[Caption-style text data]
———
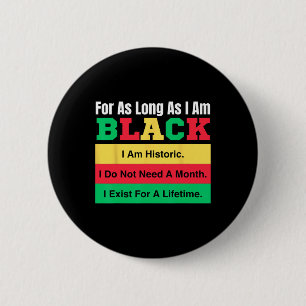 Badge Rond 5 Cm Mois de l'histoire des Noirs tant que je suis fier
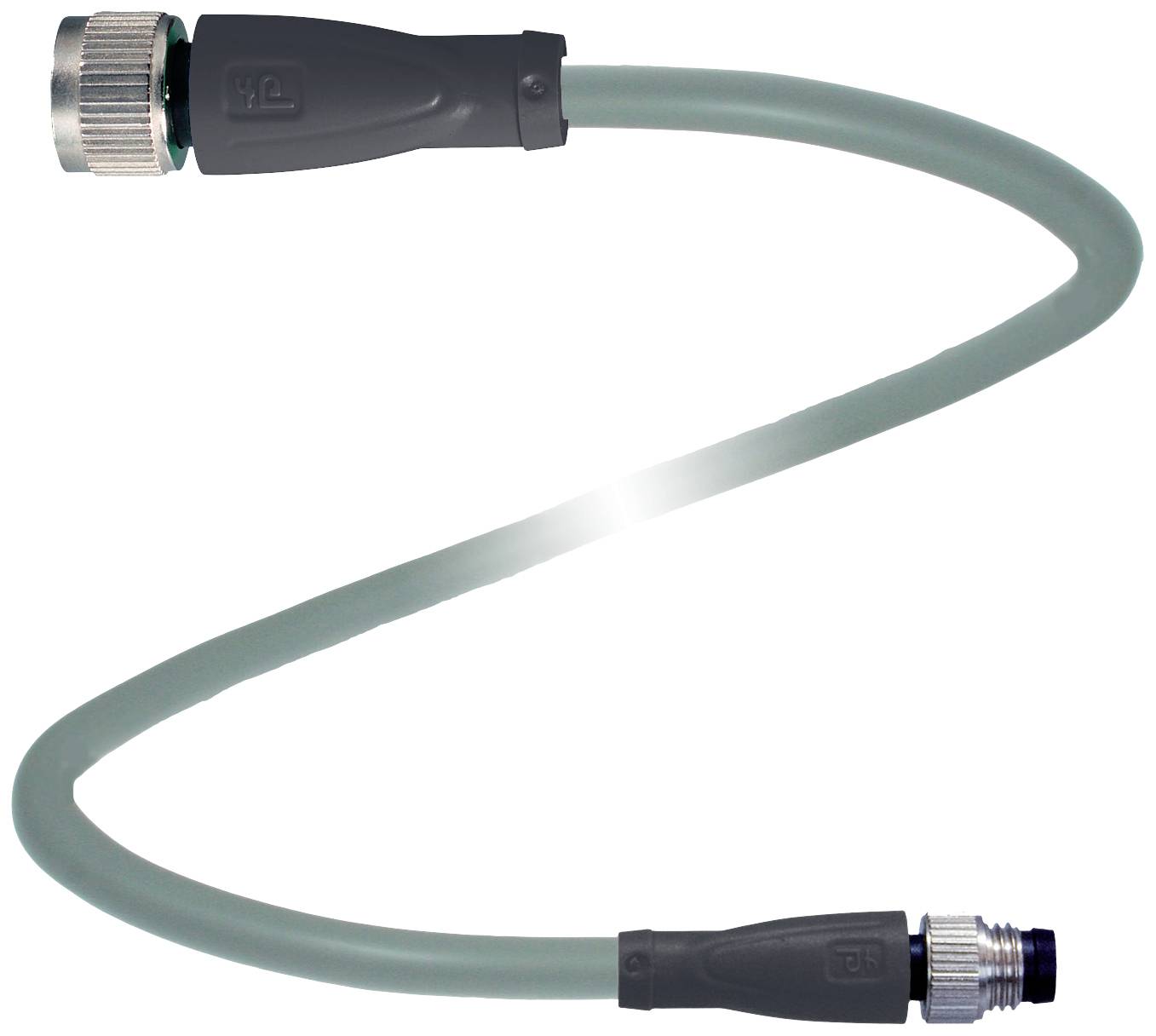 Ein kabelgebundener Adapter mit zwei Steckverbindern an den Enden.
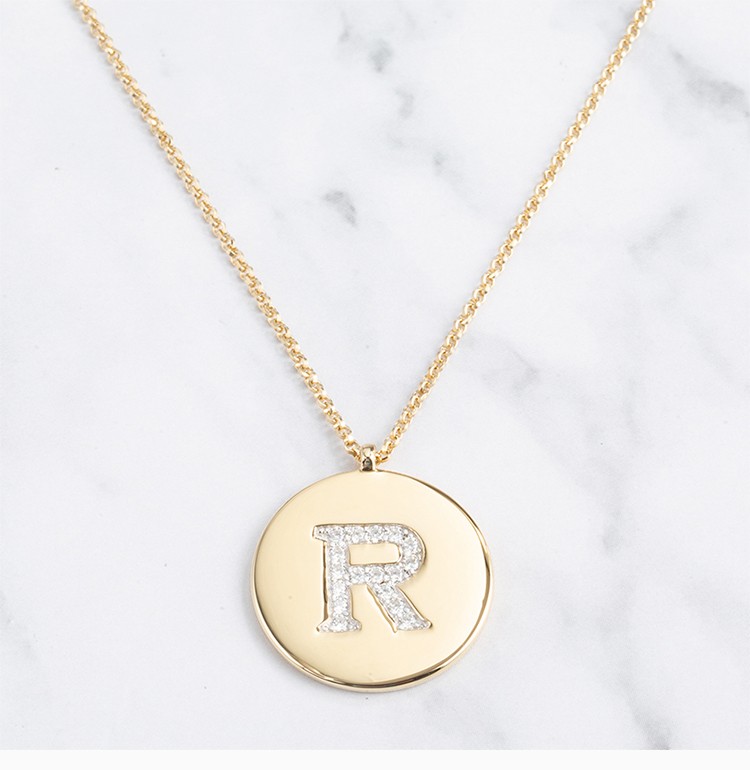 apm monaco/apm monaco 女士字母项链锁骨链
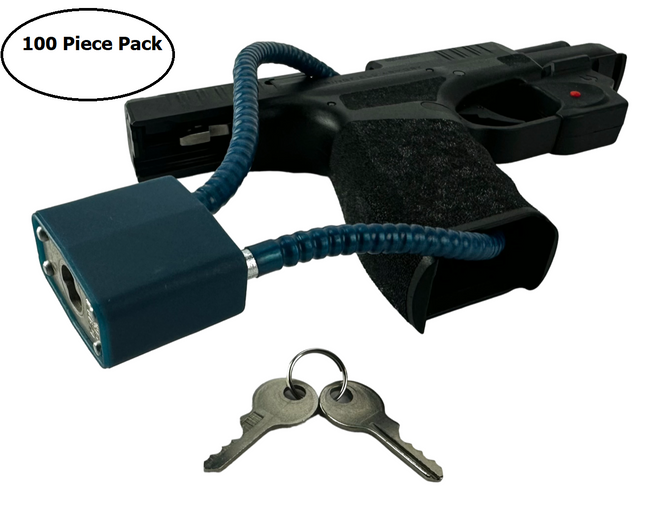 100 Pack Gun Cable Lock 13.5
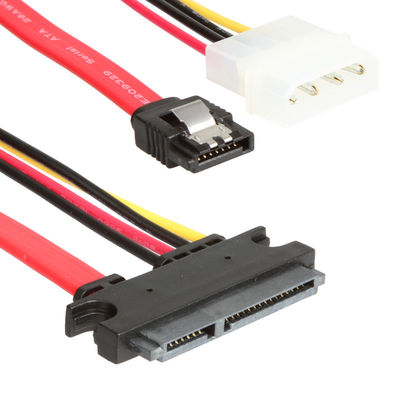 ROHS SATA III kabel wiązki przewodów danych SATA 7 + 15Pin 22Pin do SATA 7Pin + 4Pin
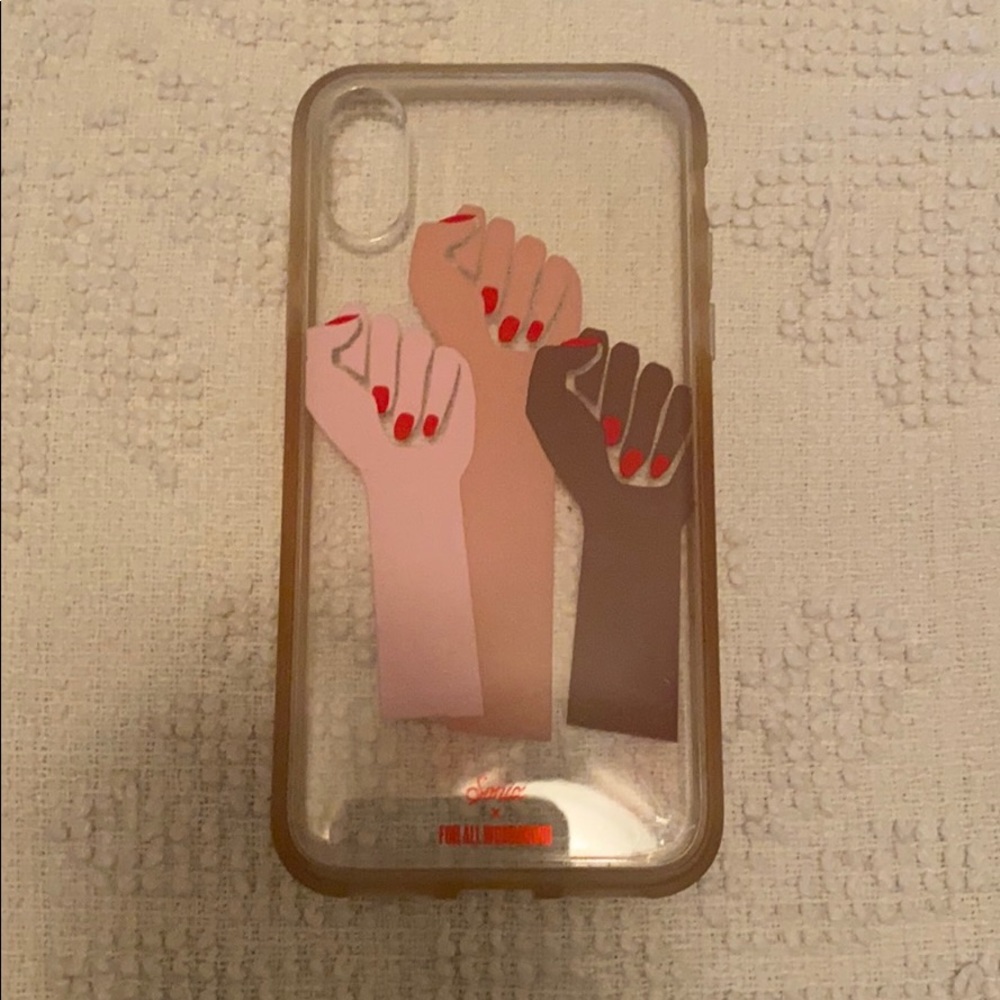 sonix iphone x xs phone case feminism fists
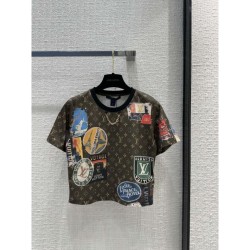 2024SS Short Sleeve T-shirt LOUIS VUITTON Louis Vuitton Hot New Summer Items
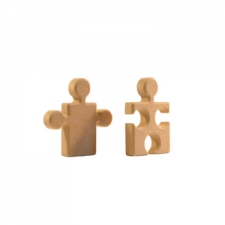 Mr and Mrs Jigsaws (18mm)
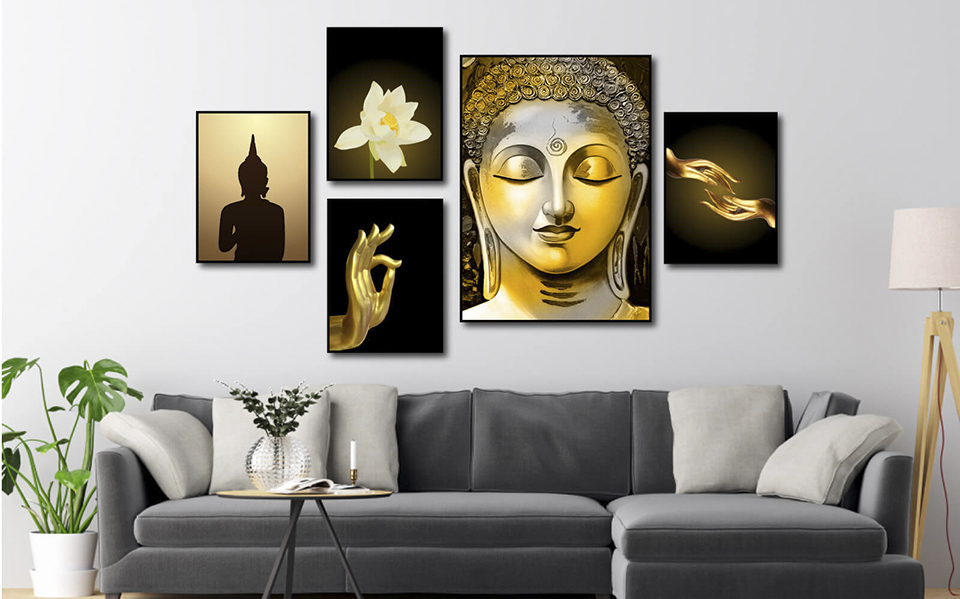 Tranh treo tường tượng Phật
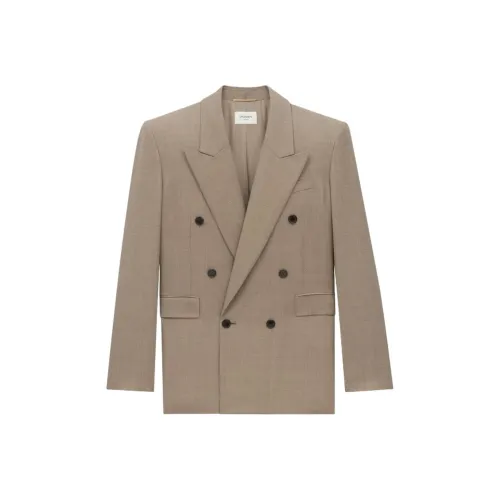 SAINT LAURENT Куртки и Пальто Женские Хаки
———
• **Directions for this task**:
What is needed is an exact copy of the lines from the one containing "ROHS SATA III" through the last line of the records, with every picture left out.

• **Written solution**:
 ROHS SATA III kabel wiązki przewodów danych SATA 7 + 15Pin 22Pin do SATA 7Pin + 4Pin
 sonix iphone x xs phone case feminism fists
 2024SS Short Sleeve T-shirt LOUIS VUITTON Louis Vuitton Hot New Summer Items
 Mr and Mrs Jigsaws (18mm)
 Tranh treo tường tượng Phật
 SAINT LAURENT Куртки и Пальто Женские Хаки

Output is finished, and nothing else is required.